03 November 2011

Tutorial 16e: Programming the Flash Memory

When we call the calibration values CALDCO_1MHZ and CALBC1_1MHZ in the code for our MSP430, those values refer to the address in SegmentA where the values are stored. They're not located in a place that's easy to find, however; they're stored in the linker command file, specific to each device. (If you're curious, take a look at the file in ${base dir}/Texas Instruments/ccsv4/msp430/include/msp430g2231.cmd, where your base directory is wherever you've installed CCS (likely in C:\Program Files for Windows). Be careful not to change anything in this file, though; this file is essential for proper programming of the G2231 device, as each is to their respective devices.) We could make a copy of this file and use it in our linker when we program the MSP430, but that requires a number of steps that are difficult to remember. All we really need is a way to tell our program to look at the specific address where we've saved the calibration values for our UART. All we really need is a pointer.

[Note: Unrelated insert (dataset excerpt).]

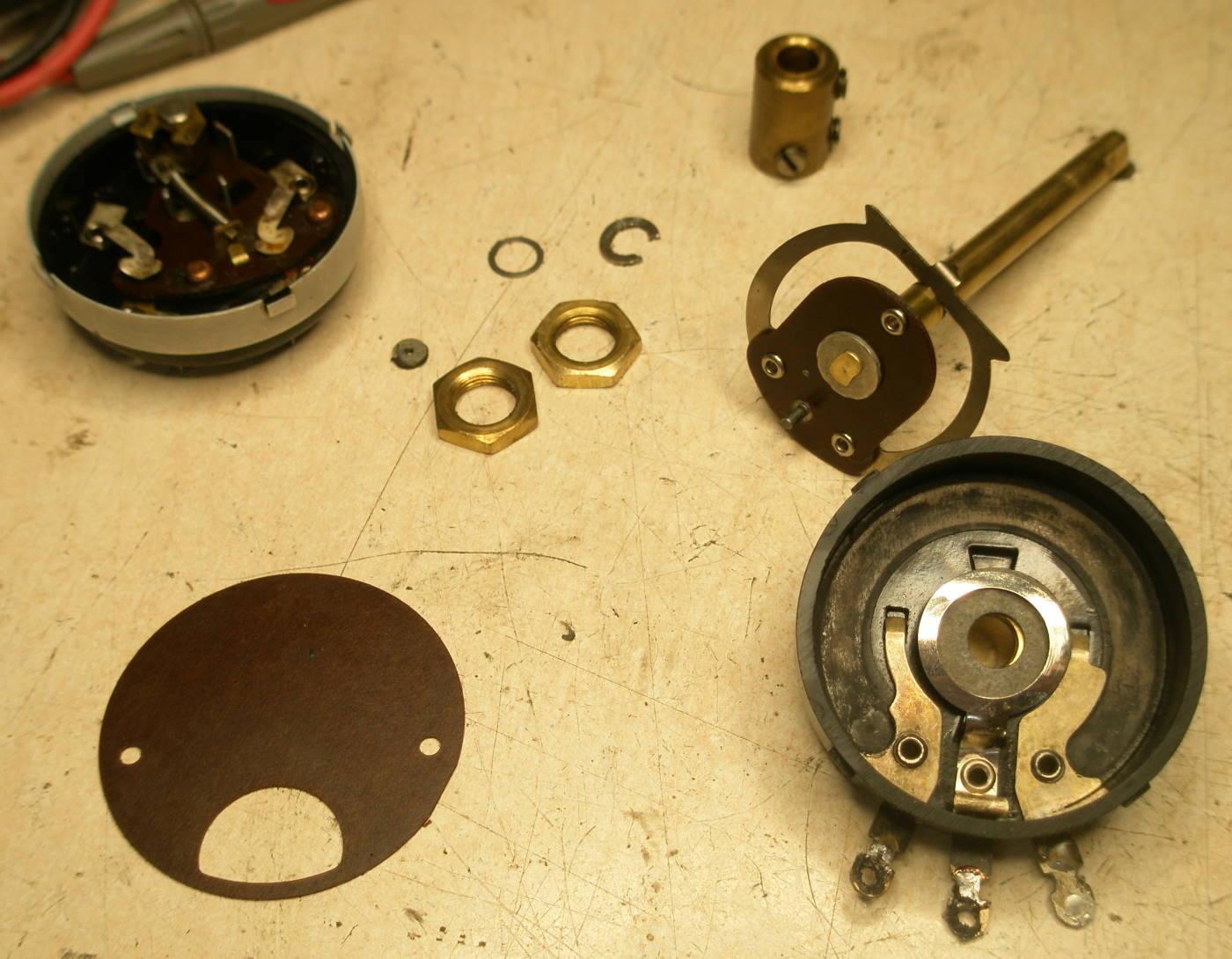 Reparación Potenciómetro radio antigua - Autoradio Philco mod 7 - 4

We've not dealt with pointers up to this tutorial, but they're not really a difficult concept. Let's say we have code that declares the following two items:
   int var;
   int *ptr;
The first is what we're used to seeing; we declare a variable of type int (16 bits in MSP430), which will store a signed integer value. The second is also a declaration of type int, but rather than a variable, it is a pointer. The stored number in ptr doesn't refer to the value of a variable, but rather the address where a variable of type int is stored. (The actual size of the pointer in an MSP430 is 16 bits, so char *ptr; would also be a 16 bit value, even though it points to memory where an 8 bit value is being stored.)

In the C language, we have a way to refer to the address of a specific variable by using the & character. So from this point, if we assign ptr = &var; then ptr now points to the address where we've stored the int value var. Similarly, we can reference the value stored in a pointer with the * character. int var2 = *ptr; would store the value at address ptr in the new variable var2. If we want to assign a specific address to a pointer, rather than reference the address of a variable, we can use a literal of the form (int *)0x1234.

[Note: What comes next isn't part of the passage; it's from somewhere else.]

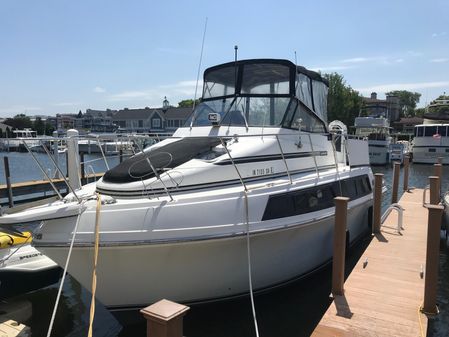 Carver 320 Mariner image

In the MSP430, an int variable takes 16 bits, while a char variable take 8. When we want to reference a specific word, we'll use a pointer of type int. If we want to reference a specific byte, such as the calibration values for the DCO, we'll use a pointer of type char. To use the DCO values we'll program in SegmentB, we can use the following:
    char *CALBC1_UART = (char *) 0x10BE;
    char *CALDCO_UART = (char *) 0x10BF;
or, if we'd rather not use extra memory, define in the header:
    #define  CALBC1_UART    *(char *) 0x10BE
    #define  CALDCO_UART    *(char *) 0x10BF

The Flash Memory Controller
Ok, now we've got a handle on how to reference portions of the flash memory. Now it's time to learn how to actually write to it. The MSP430 has a peripheral designed specifically to handle managing the flash memory called the Flash Memory Controller. Since it would be dangerous to manipulate the flash memory willy-nilly, it's set up like the Watchdog Timer, so that a key is needed to change any of its four control registers. The key value is 0xA5, conveniently provided in the header files as the value FWKEY. Here are the portions we'll need to know about:


  • FWKEY (bits 15-8):  The key is read as the value 0x96. Each register has this.
  • BLKWRT (bit 7): control bit for block write mode. We will be writing word by word, so we'll save this function for a future tutorial.
  • WRT (bit 6): write mode enable. Before we can write to any flash segment, this bit must be enabled.
  • MERAS & ERASE (bits 2 and 1): Control the mode of erasure. You can erase a single segment, the entire main memory, or the main memory and information segments both. (Depending on whether SegA is unlocked.)
  • FSSELx (bits 7-6): These bits select which clock source to use for the programming.
  • FNx (bits 5-0): These bits allow you to divide the source clock by any factor up to 64. (Divide by FNx + 1)
  • FAIL (bit 7): We don't want to see this bit set! For our purposes, it could mean the clock source has failed for some reason. If this happens, it needs to be reset by software before anything else can be done.
  • LOCKA (bit 6): I won't go into how this works; this bit controls whether SegA can be erased/written. If you find you absolutely must change something in this segment, you can read in the Family User's Guide to learn how to use this bit.
  • LOCK (bit 4): When this bit is set, the flash memory is completely locked, and cannot be erased or written.
  • WAIT (bit 3): Indicates when the flash memory is being erased or written.
  • This register is not available on all devices; it controls the 'marginal read mode'. We won't be using it here.
To do a successful programming of the Information Segment, we first set the clock for the controller. The actual frequency isn't terribly important, as long as it falls between 257 and 476 kHz. The default DCO setting of the MSP430 is about 1.1 MHz, and so a division of 3 (FNx = 2) works well, giving us roughly 370 kHz. We'll calibrate the DCO to 7.3728 MHz, so a division of 20 (FNx = 19) will give us about the same.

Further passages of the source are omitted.